# Expires OCT 1st 2012



## boxboy (Jun 11, 2012)

Alright folks. Time to start your upgrades*

Order 3 par38 dimmable or non dimmable lights in the same order and recieve the 4th bulb of the same type 100% FREE. No Catch!!

Example: Order 6 bulbs and you get 2 free lights. Ect.
There is no limit to how many bulbs you can recieve.

Maybe a few people should make a group order together in order to recieve some free lights!!*

This offer expires OCT 1st 2012.


----------



## Jackson (Jan 30, 2009)

You should mention a business name or post a link.
Not everyone knows where or who is offering this sale.

EDIT- sorry now I can see your signature.

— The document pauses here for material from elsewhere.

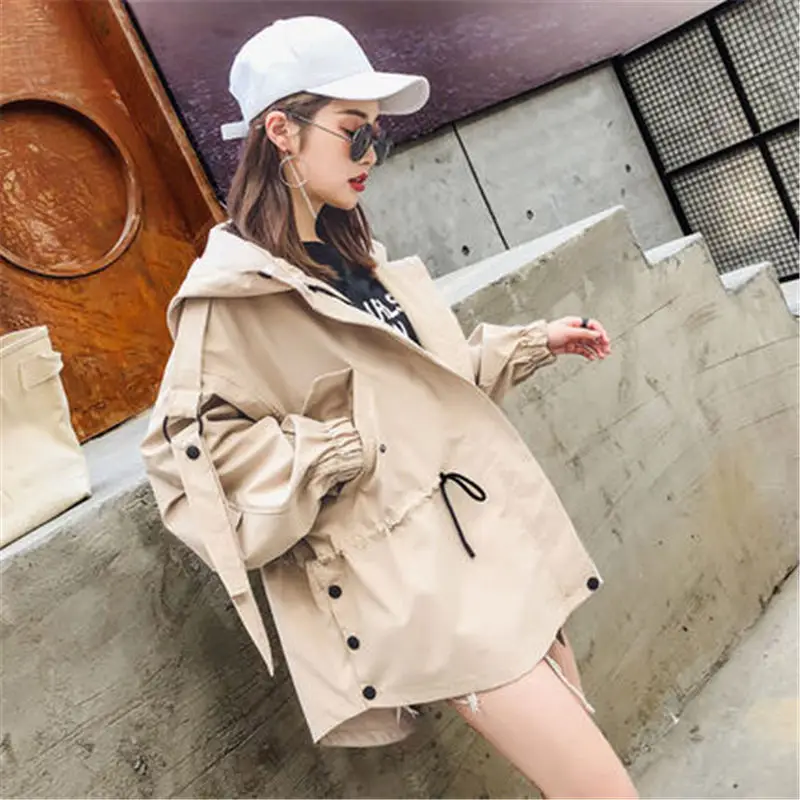 

2020 NEW Spring Autumn Short Trench Coats Women Causal Hooded Outerwear Girls Tops X514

Some people might not see the signature. I know it doesn't show up on TapTalk that's why I couldn't see it. Another thing some members block signatures, so when signed in signatures are not there so it's impossible to know the company name if it's only shown in the signature and not mentioned in the original post.


----------



## boxboy (Jun 11, 2012)

Thank you for the heads up Jackson 

My company Bright Aquatics is hosting this sale and the website is www.brightaquatics.com

Everyone can also get to the site via my Sig..

any questions at all, please let me know. I like to help whenever possable.

Thanks
Josiah Trickett
Owner/Operator & CEO of Bright Aquatics


----------



## boxboy (Jun 11, 2012)

Bright Aquatics is sending in New orders this week, do you have your order secured?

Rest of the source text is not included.